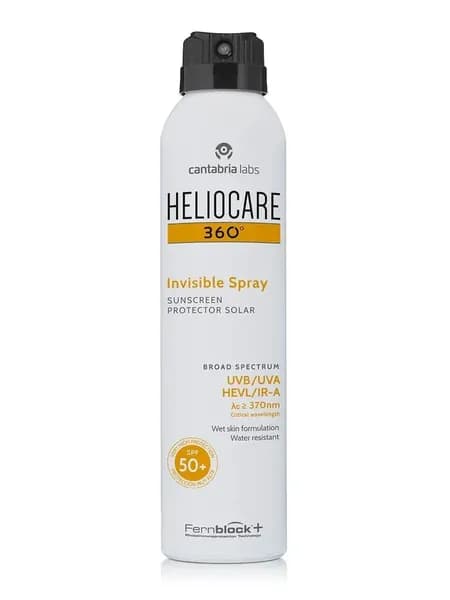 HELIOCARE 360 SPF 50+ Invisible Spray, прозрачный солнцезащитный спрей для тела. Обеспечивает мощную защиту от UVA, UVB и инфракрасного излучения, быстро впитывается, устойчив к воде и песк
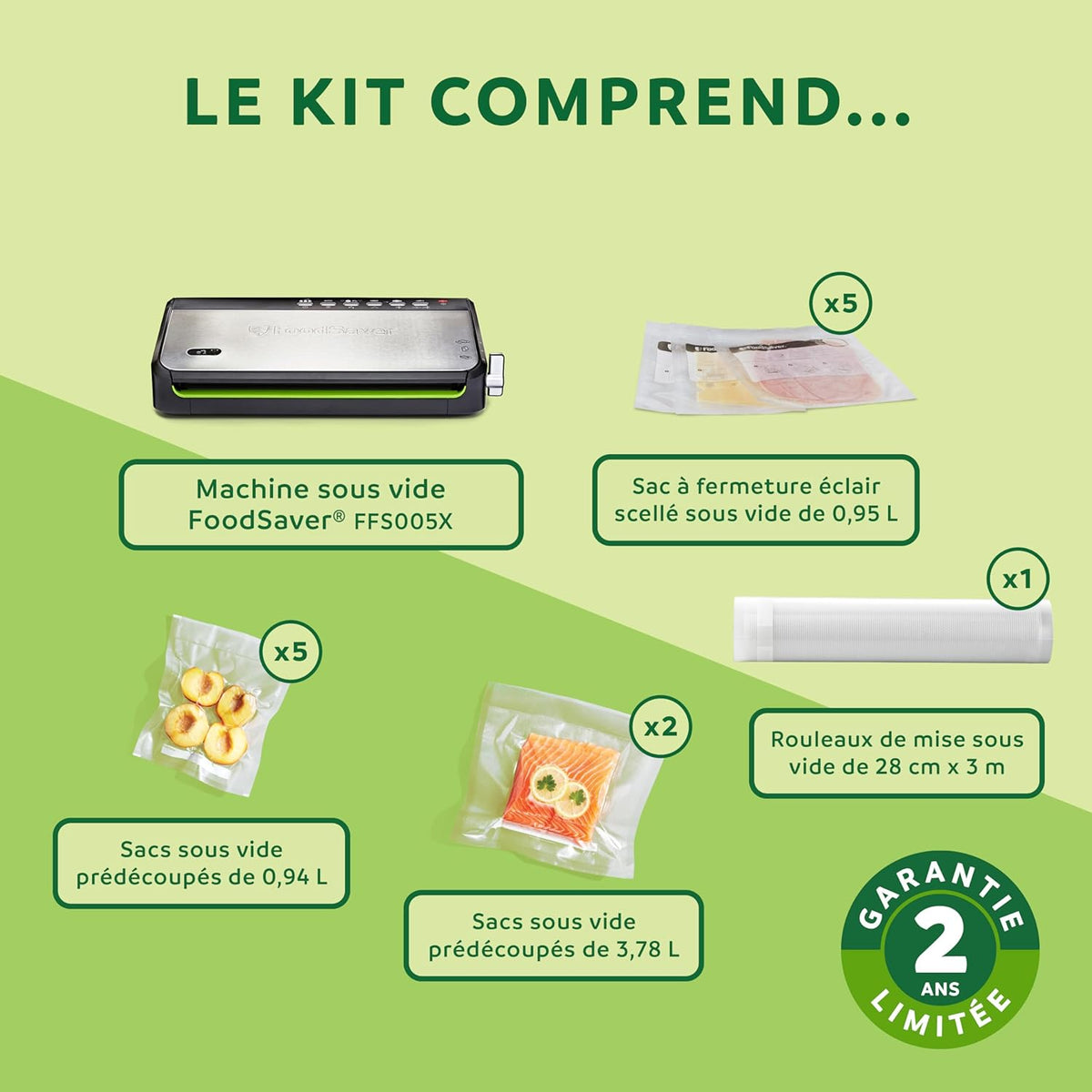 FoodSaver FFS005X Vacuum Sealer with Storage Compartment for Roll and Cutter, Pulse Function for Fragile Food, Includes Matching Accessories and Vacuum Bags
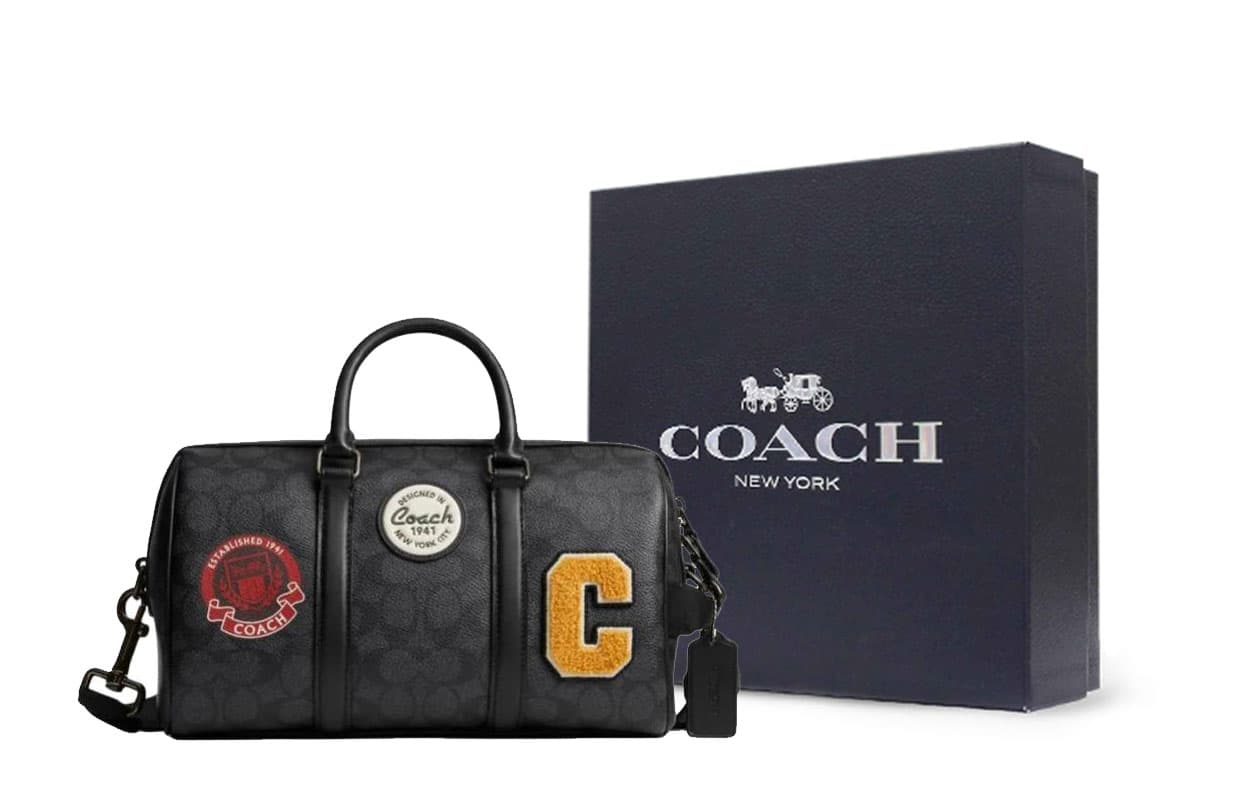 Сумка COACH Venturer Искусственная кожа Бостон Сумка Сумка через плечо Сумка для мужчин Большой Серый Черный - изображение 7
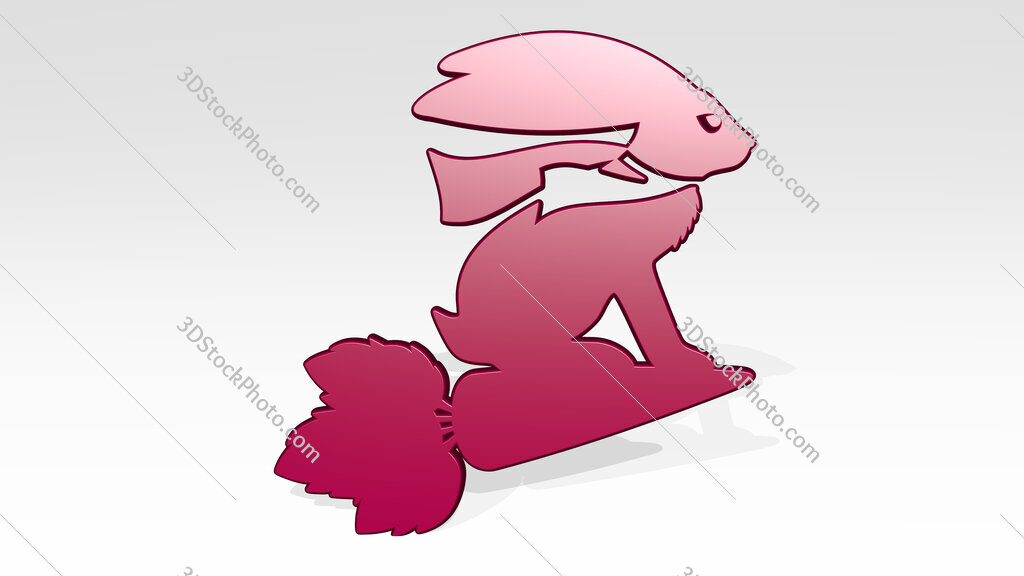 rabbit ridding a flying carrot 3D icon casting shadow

● Aim of the task: Write out exactly the lines running from the one with "FoodSaver FFS005X Vacuum" through the end of the material, both ends included, while leaving the pictures out.

● Your response:
 FoodSaver FFS005X Vacuum Sealer with Storage Compartment for Roll and Cutter, Pulse Function for Fragile Food, Includes Matching Accessories and Vacuum Bags
 Сумка COACH Venturer Искусственная кожа Бостон Сумка Сумка через плечо Сумка для мужчин Большой Серый Черный - изображение 7
 rabbit ridding a flying carrot 3D icon casting shadow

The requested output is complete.